Similiarly, the weight of edge $ \left( {\mathop {{v_{ia}}}\limits ^ \wedge \mathrm{{,}}\mathop {{v_{ib}}}\limits ^ \wedge } \right) \in \mathop {{E_i}}\limits ^ \wedge $ in $\mathop {{\mathbf{{G}}_i}}\limits ^ \wedge \left( {{{\mathop V\limits ^ \wedge }_i}\mathrm{{,}}\mathop {{E_i}}\limits ^ \wedge } \right) $ is expressed as follows:

$$\begin{aligned} \omega \left( {\mathop {{v_{ia}}}\limits ^ \wedge \mathrm{{,}}\mathop {{v_{ib}}}\limits ^ \wedge } \right) = \sqrt{{{\left( {{\mu _{ia}} - {\mu _{ib}}} \right) }^2}}, \end{aligned}$$

(4)

where ${\mu _{ia}}$ is the mean value of all samples in ${{\mathbf{{f}}_i}}$ from the same class m.

Jensen Shannon divergence (JSD) is used to measure the divergence between two probability distributions [21]. Give two (discrete) probability distributions ${\mathcal{P}} = \left( {{p_1}\mathrm{{,}} \ldots \mathrm{{,}}{p_a}\mathrm{{,}} \ldots {p_A}} \right) $ and ${\mathcal{K}} = \left( {{k_1}\mathrm{{,}} \ldots \mathrm{{,}}{k_b}\mathrm{{,}} \ldots {k_B}} \right) $. The JSD between ${\mathcal{P}}$ and ${\mathcal{K}}$ is defined as:

$$\begin{aligned} {D_{\mathrm{{JS}}}}\left( {{{\mathcal{P}}},{{\mathcal{K}}}} \right) = {H_S}\left( {\frac{{{\mathcal{P}} + {\mathcal{K}}}}{2}} \right) - \frac{1}{2}{H_S}\left( {\mathcal{P}} \right) - \frac{1}{2}{H_S}\left( {\mathcal{K}} \right) , \end{aligned}$$

(5)

where ${H_S}\left( {\mathcal{P}} \right) = \sum \nolimits _{i = 1}^A {{p_i}\log {p_i}} $ is the Shannon entropy of probability distribution ${\mathcal{P}}$. In the literature [22], the JSD has been used as a means of measuring the information theoretic dissimilarity between graphs associated with their probability distributions.
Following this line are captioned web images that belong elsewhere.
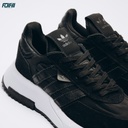 Adidas 2023 Black
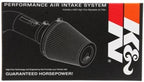 K&N 11-14 Jeep Patriot L4 2.0L Performance Intake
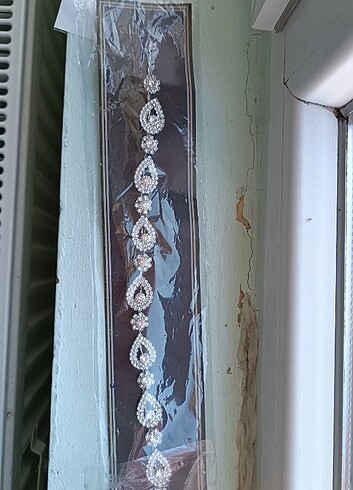 Aksesuar - Görsel 3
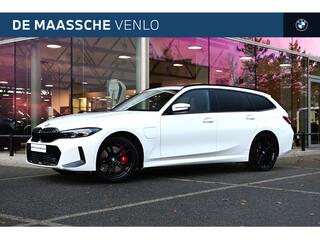 bmw-3-serie-touring-330e-high-execu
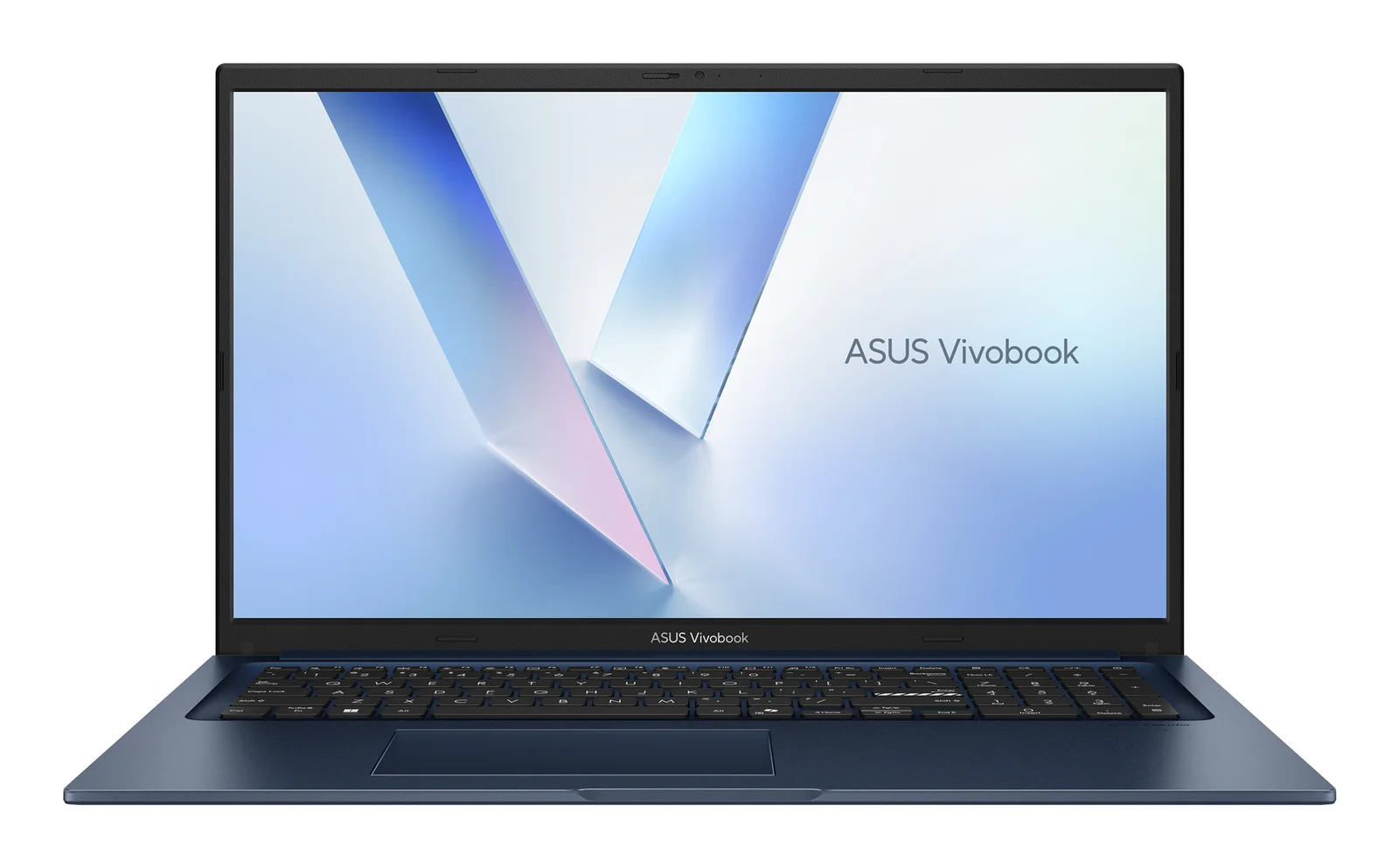 ASUS Vivobook 17 X1704MA-ISSAU203W 17.3", Intel Core 5 315, 16GB RAM, 512GB SSD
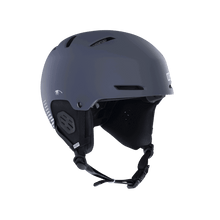 Charger l'image dans la galerie, ION IOW-Helmet Slash Amp 2025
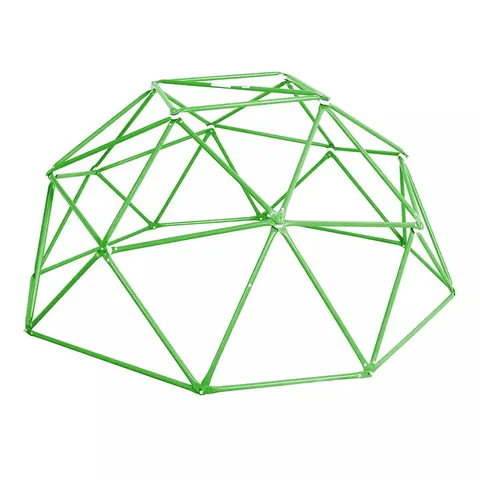 SPORTSPOWER DOME CLIMBER - COLLECTION ONLY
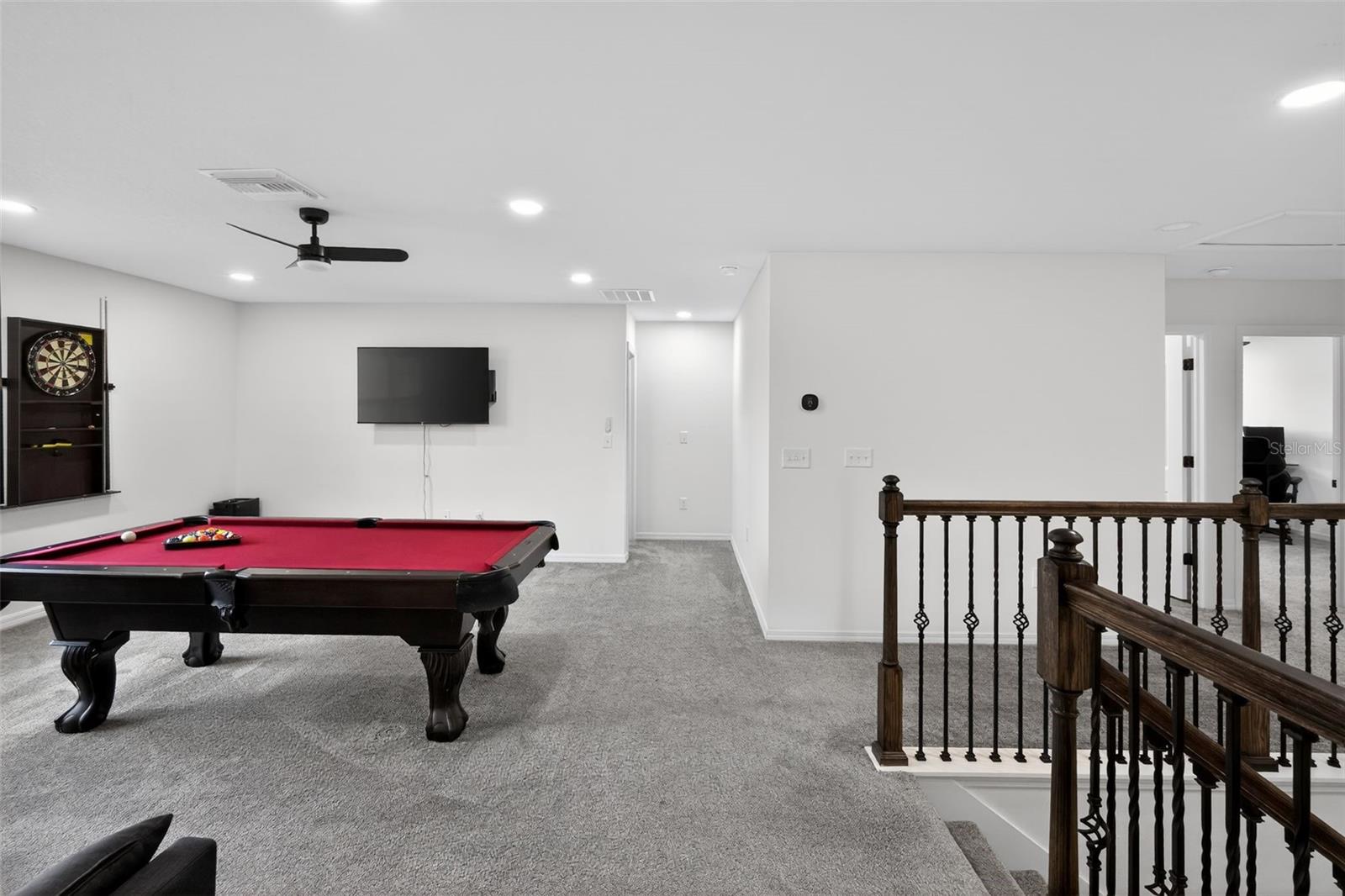 Image 25 of 32 For 9544 Clarkwild Place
In this paper, we focus on the similarity between graph-based feature representations. We use the negative exponent of ${D_{\mathrm{{JS}}}}\left( {{{\mathcal{P}}},{{\mathcal{K}}}} \right) $ to calculate the similarity ${I_S}$ between probability distributions ${\mathcal{P}}$ and ${\mathcal{K}}$, so:

$$\begin{aligned} {I_S}\left( {{\mathcal{P}},{\mathcal{K}}} \right) = \mathrm{{exp}}\left\{ { - {D_{\mathrm{{JS}}}}\left( {{\mathcal{P}},{\mathcal{K}}} \right) } \right\} \end{aligned}$$

(6)

The information theoretic function is used to evaluate the relevance between different feature combination and target labels to achieve the maximum correlation and minimum redundancy standards. For a set of N features $ {{{\mathbf{{f}}_1}}\mathrm{{,}} \ldots \mathrm{{,}}{{{\mathbf{{f}}_i}}}\mathrm{{,}} \ldots \mathrm{{,}}{\mathbf{{f}}_N}} $ and related continuous target feature $\mathbf{{Y}}$, the correlation degree of feature pair $\left\{ {{\mathbf{{f}}_i},{\mathbf{{f}}_j}} \right\} $ is expressed as follows:

$$\begin{aligned} {U_{{f_i},{f_j}}}= \frac{{{I_s}\left( {{\mathbf{{G}}_i}{} \mathbf{{,}}\mathop {{\mathbf{{G}}}}\limits ^ \wedge } \right) + {I_s}\left( {{\mathbf{{G}}_j}{} \mathbf{{,}}\mathop {{\mathbf{{G}}}}\limits ^ \wedge } \right) }}{{{I_s}\left( {{\mathbf{{G}}_i}{} \mathbf{{,}}{\mathbf{{G}}_j}} \right) }}, \end{aligned}$$

(7)

where ${{I_s}}$ is the JSD based similarity measure of information theory defined in Eq. 6. ${{I_s}\left( {{\mathbf{{G}}_i}{} \mathbf{{,}}\mathop {{\mathbf{{G}}}}\limits ^ \wedge } \right) }$ represents the correlation measures of feature ${\mathbf{{f}}_i}$ with target feature $\mathbf{{Y}}$. ${{I_s}\left( {{\mathbf{{G}}_j}{} \mathbf{{,}}\mathop {{\mathbf{{G}}}}\limits ^ \wedge } \right) }$ represents the correlation measures of feature ${\mathbf{{f}}_j}$ with target feature $\mathbf{{Y}}$. ${I_s}\left( {{\mathbf{{G}}_i}{} \mathbf{{,}}{\mathbf{{G}}_j}} \right) $ denotes the redundancy of paired feature $\left\{ {{\mathbf{{f}}_i},{\mathbf{{f}}_j}} \right\} $. Therefore, ${U_{{f_i},{f_j}}}$ is large if and only if ${{I_s}\left( {{\mathbf{{G}}_i}{} \mathbf{{,}}\mathop {{\mathbf{{G}}}}\limits ^ \wedge } \right) }$ $+$ ${{I_s}\left( {{\mathbf{{G}}_j}{} \mathbf{{,}}\mathop {{\mathbf{{G}}}}\limits ^ \wedge } \right) }$ is large and ${I_s}\left( {{\mathbf{{G}}_i}{} \mathbf{{,}}{\mathbf{{G}}_j}} \right) $ is small. This indicates that the pairwise feature $\left\{ {{\mathbf{{f}}_i},{\mathbf{{f}}_j}} \right\} $ is informative and less redundant.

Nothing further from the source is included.